Só em 1992 os manuscritos foram encontrados – ironia – entre os papéis do arquivo de Stalin. O fragmentado relato do “garoto de ouro da Revolução Russa” chama-se “O Romance do Cárcere”. Bukharin só teve tempo de escrever 22 capítulos e não pôde contar os principais episódios de sua vida. Foi silenciado em sua cela, onde registrou a última frase do livro uma hora antes de um carrasco interromper a redação.

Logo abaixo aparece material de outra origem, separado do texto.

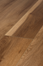 Sapwood Oak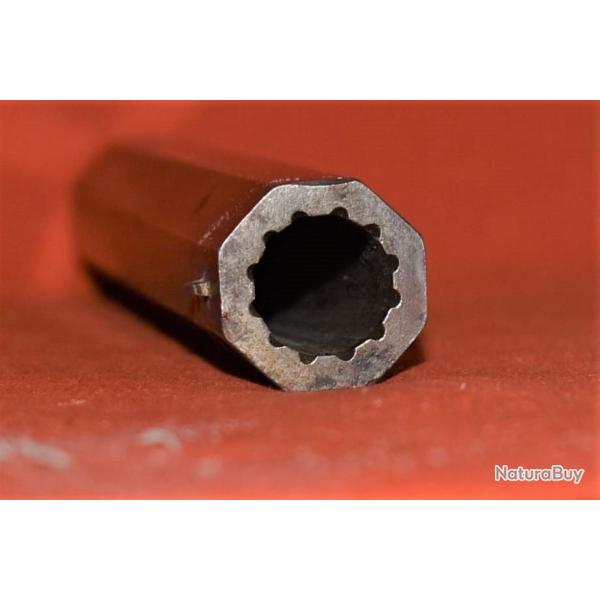 Canon  ELG   ( 11 )...X Livr� par Happy post 11�)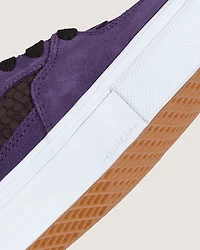 Skate Half Cab Shoe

Se tivesse vivido um pouco mais, teria contado como Stalin o perseguiu e mandou sua mulher para um campo de detenção, condenando seu filho a um orfanato. Talvez pudesse ainda relatar as atrocidades que testemunhou na prisão de Lubyanca, onde esteve de fevereiro de 1937 a março de 1938. Mas nesse caso é quase certo que seu livro não teria chegado até nós.
É difícil imaginar o que fez Stalin conservar a obra – se para atender a uma humilhante súplica de Bukharin expressa em carta, ou simplesmente porque não viu no livro nenhuma crítica à sua estreita visão do mundo. Nas páginas que ficaram, Bukharin mostra como vivia uma família burguesa russa no fim do século XIX, obrigada a trocar Moscou pela província quando o status do patriarca cai vertiginosamente.

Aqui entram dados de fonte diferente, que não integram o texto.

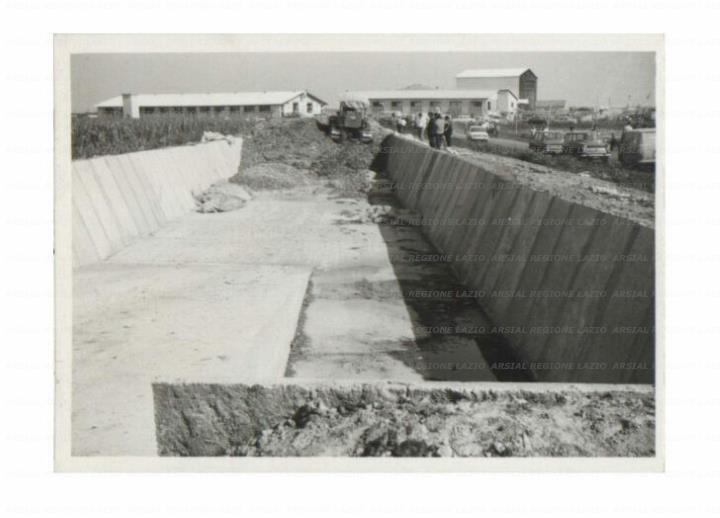 ARSIAL/ARS001729CC.jpg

Ele conta como Kolia Petrov (seu alter ego no romance) aprendeu a ler aos 4 anos e desenvolveu um fascínio por borboletas e uma absoluta lealdade aos amigos, entre eles um jovem judeu da Bessarábia, Levka – belo personagem que é uma espécie de Huckleberry Finn russo. O livro termina de forma abrupta, quando Kolia tem 15 anos. Pode-se ler nas entrelinhas, contudo, um vigoroso manifesto contra o emergente totalitarismo europeu, que coloca no mesmo saco a ditadura de Stalin e a de Hitler.
Bukharin anteviu os perigos do monopólio estatal dos meios de produção. Foi também um pioneiro na questão ecológica. Graças a ele, o Partido Comunista incorporou a ideia de preservar florestas e rios num decreto assinado quando a União Soviética engatinhava. Até nisso discordava de Stalin. Enquanto o ditador defendia a industrialização do país a qualquer preço, Bukharin recomendava um avanço gradual, prevendo que o programa stalinista só sairia do papel com muito sangue e à força da “exploração militar e feudal” da massa. O líder revolucionário Vladimir Lenin (1870-1924) considerava Bukharin seu legítimo herdeiro intelectual.

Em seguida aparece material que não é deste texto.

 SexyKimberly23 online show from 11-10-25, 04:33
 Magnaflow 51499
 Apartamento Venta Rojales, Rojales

Alertou-o sobre a desmedida ambição política de Stalin, mas Bukharin ignorou o aviso. Quando decidiu criticar Stalin no Pravda, em 1929, era tarde demais. A vingança não tardou. Ele foi afastado dos cargos de influência até terminar seus dias na prisão.
É possível desvendar a personalidade política de Bukharin por meio de seu romance – quando se descobre que sua rejeição ao radicalismo e às injustiças era hereditária. O pai, um professor obrigado a assumir a função de coletor de impostos na destituída Bessarábia, promoveu a integração dos filhos com os judeus pobres da região e, mesmo avesso ao clero da Igreja Ortodoxa, sempre pregou a tolerância. Como o pai de Bukharin não aceitava suborno, seus superiores desconfiaram que recebia propina e não dividia com eles. Foi despedido, voltou com sua família para Moscou e viveu em condições miseráveis com os filhos, que tiveram boas lições práticas de solidariedade.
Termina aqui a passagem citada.